Opinion
Argued June 10, 1986
September 2, 1986.
Insurance — The Insurance Department Act of 1921, Act of May 17, 1921, P.L. 789 — Act of December 30, 1974, P.L. 1148 — Lending institution — Grandfather clause.
1. An insurance affiliate of one lending institution which is purchased by a second lending institution in 1982 may not use the grandfather clause of Section 2(b) of the Act of December 30, 1974, P.L. 1148, to insulate itself from the prohibition on sale of insurance contained in The Insurance Department Act of 1921, Act of May 17, 1921, P.L. 789. [236-7]
2. Section 2(b) of the Act of December 30, 1974, P.L. 1148, is not to be read so as to permit a lending institution which acquires an insurance company in 1982 to engage in the insurance business for the first time to the possible detriment of independent insurance agencies. [238]

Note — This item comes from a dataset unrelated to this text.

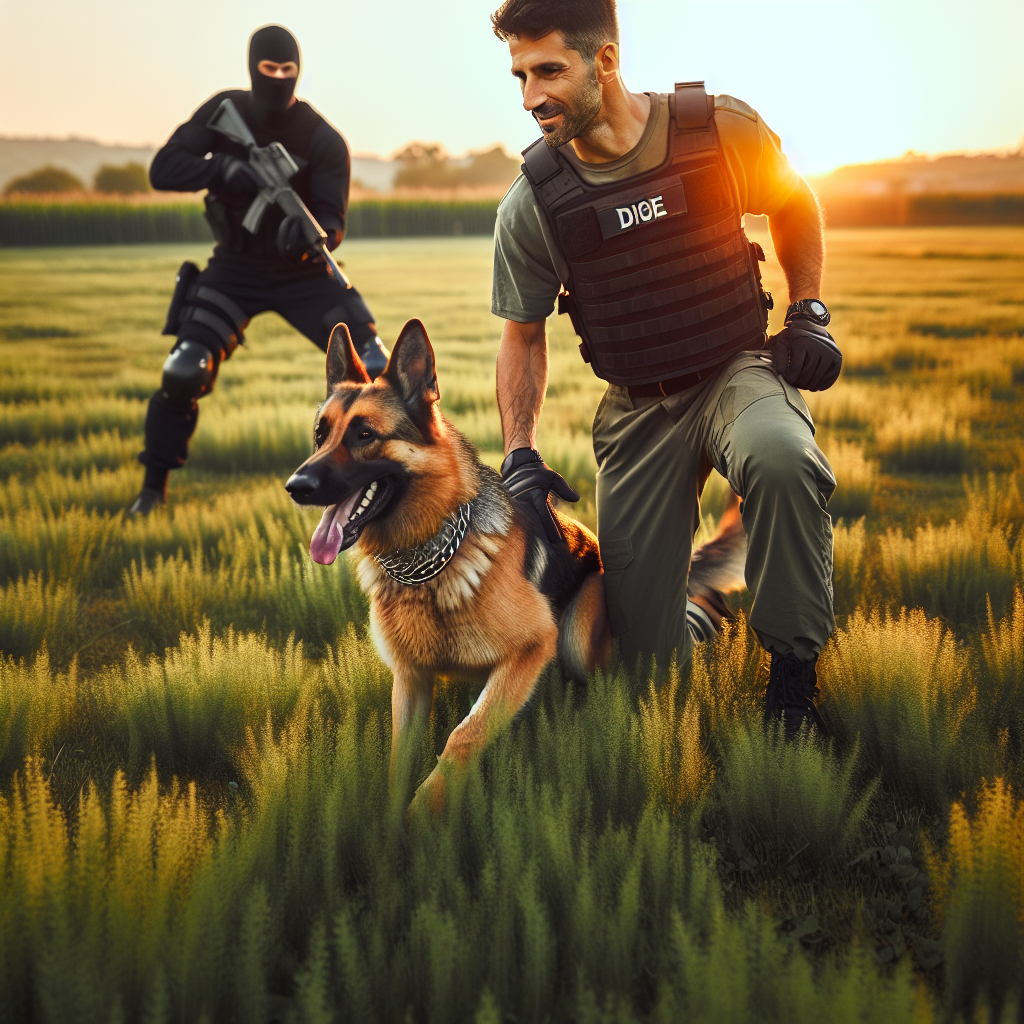 IGP handler and German Shepherd practising with a new helper on a UK field during a calm transition session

Argued June 10, 1986, before Judges MacPHAIL and DOYLE, and Senior Judge ROGERS, sitting as a panel of three.
Appeal, No. 2726 C.D. 1985, from the Order of the Pennsylvania Insurance Department in the case of In Re: Central Mortgage Company d/b/a Tri-Arc Agency and Joshua Bornstein, John W. Walleigh, Jr., and William C. McLaughlin, No. aA3-8-10.

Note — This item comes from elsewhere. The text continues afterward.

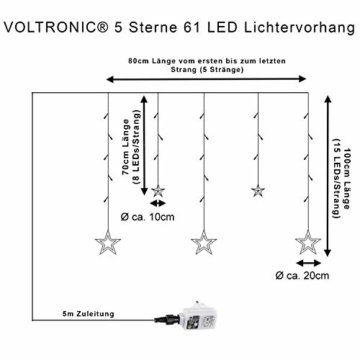 VOLTRONIC® 5 Sterne (61 LED) / 12 Sterne (150 LED) Lichtervorhang Lichterkette, GS geprüft, innen + außen (IP44), Timer, 8 Programme, Fernbedienung, warm-White/kaltweiß/bunt/warmweiß+kaltweiß - 2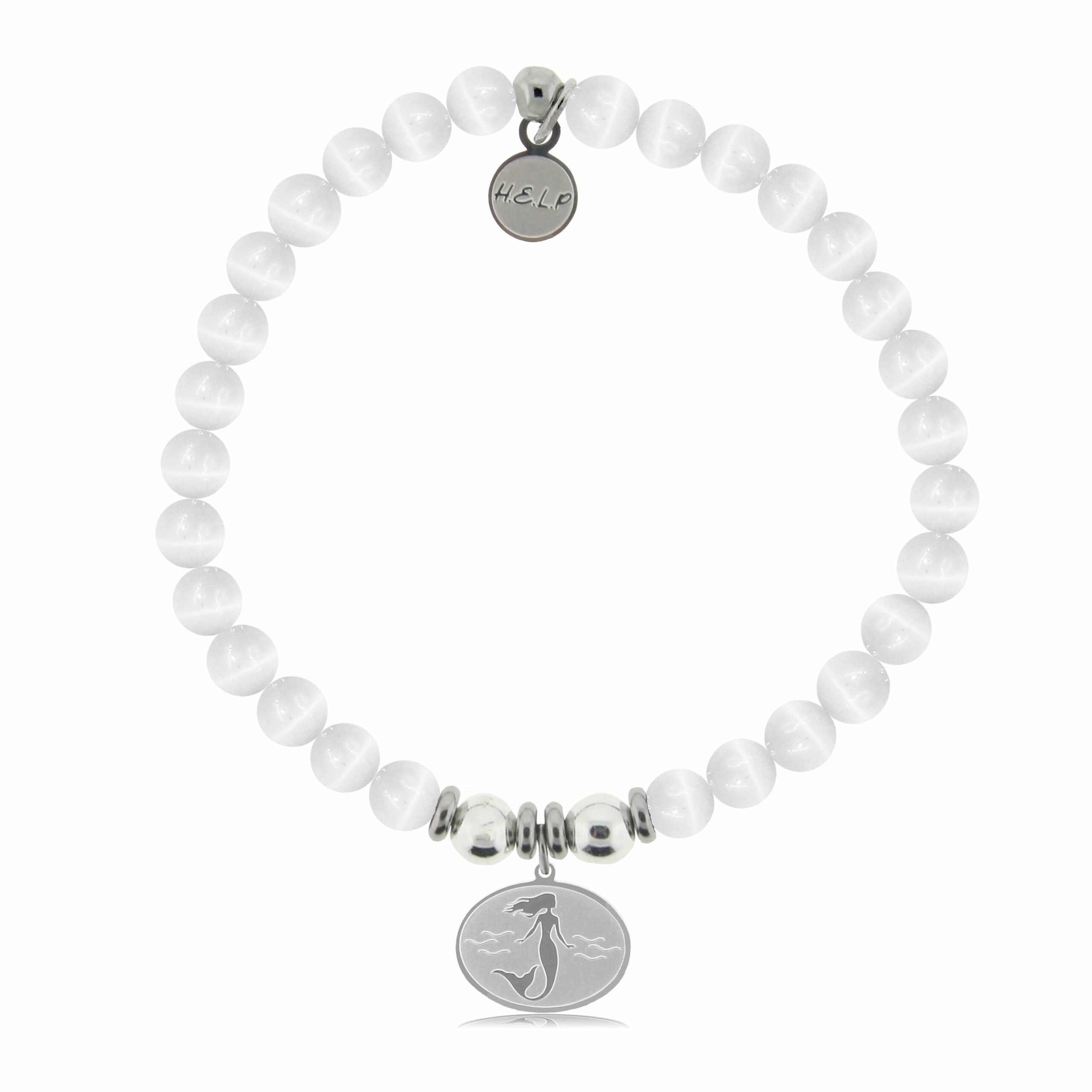 Mermaid Charm with White Cats Eye Charity Bracelet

Insurance licenses revoked by the Pennsylvania Department of Insurance. Licensee appealed to the Acting Insurance Commissioner. Cross-motions for summary judgment filed. Department's motion granted. Licensee appealed to the Commonwealth Court of Pennsylvania. Held: Affirmed. Application for reargument filed and denied.

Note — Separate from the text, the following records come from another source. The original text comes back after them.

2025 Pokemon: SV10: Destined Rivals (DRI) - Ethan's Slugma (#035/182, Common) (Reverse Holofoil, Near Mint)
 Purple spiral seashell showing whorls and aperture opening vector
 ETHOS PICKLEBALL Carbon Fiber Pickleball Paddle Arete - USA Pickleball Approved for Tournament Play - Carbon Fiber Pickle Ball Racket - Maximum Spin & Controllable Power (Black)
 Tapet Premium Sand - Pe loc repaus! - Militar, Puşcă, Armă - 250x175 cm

Lawrence J. Beaser, with him, Richard L. Kremnick and Wei-Wei Chiu, Blank, Rome, Comisky McCauley, for petitioners.
Albert J. Strohecker, III, Deputy Chief Counsel, with him, M. Hannah Leavitt, Chief of Litigation, and Paul Laskow, Chief Counsel, for respondent.
Karen M. Balaban, Balaban Balaban, for intervenors.
This is an appeal by Central Mortgage Company d/b/a Tri-Arc Agency (Central) from an order of the Acting Insurance Commissioner (Commissioner) which denied Central's motion for summary judgment, granted the Insurance Department's (Department's) motion for summary judgment, and revoked the insurance licenses held by Central, its officers, and an employee with the exception of any licenses to sell credit life insurance, health and accident insurance, and to sell and underwrite title insurance.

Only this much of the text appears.